Come funzionano i robot Hyundai Wia

I robot protagonisti del test sono spessi appena 110 millimetri e operano in coppia. Si muovono sotto il pianale del veicolo, ne sollevano le ruote e lo trasportano fino allo stallo assegnato, senza che il conducente debba fare altro che lasciare l'auto in un punto di consegna dedicato. Il sistema si affida a sensori LiDAR e può gestire vetture fino a 3.400 kg, SUV compresi. La velocità di spostamento è di circa 1,2 metri al secondo, poco più di 4 km/h. Poco, ma più che sufficiente per un compito che non richiede fretta, solo precisione.

Il progetto interesserà 53 posti auto al primo piano interrato di un garage nel complesso residenziale Hillstate The Wave City. Due set di robot gestiranno l'intera area, separata dal resto del parcheggio per non interferire con le auto guidate normalmente.

Il vantaggio principale non riguarda solo la comodità di chi lascia l'auto senza dover cercare posto. C’è un vantaggio anche in termini di quantità di posti auto. Un elemento non secondario nelle grandi metropoli super trafficate. Siccome i robot non devono aprire le portiere per manovrare le auto, le vetture possono essere parcheggiate molto più vicine tra loro. Hyundai stima un aumento della capienza compreso tra il 20 e il 50%, un margine enorme per strutture esistenti che non possono essere ampliate fisicamente. Nei condomini densamente popolati, dove il numero di auto per famiglia cresce più in fretta degli spazi disponibili, il problema della carenza di posti genera spesso ritardi e situazioni di pericolo durante le manovre.

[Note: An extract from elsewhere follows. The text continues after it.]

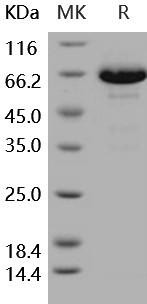 Human EphB6 Recombinant Protein (RPES5142)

Un altro tassello nella strategia robotica di Hyundai

Il sistema di parcheggio robotizzato Wia è solo l’ultimo progetto sviluppato da Hyundai. Abbiamo raccontato del robottino a guida autonoma MobED, del robot vigile del fuoco e dei robot DAL-e e Spot che collaborano con i dipendenti Hyundai. Il test di Siheung sul sistema Wia rappresenta però il primo banco di prova in un contesto abitativo reale, con persone comuni che affidano la propria auto a un sistema completamente automatizzato invece che a un dimostratore in fiera.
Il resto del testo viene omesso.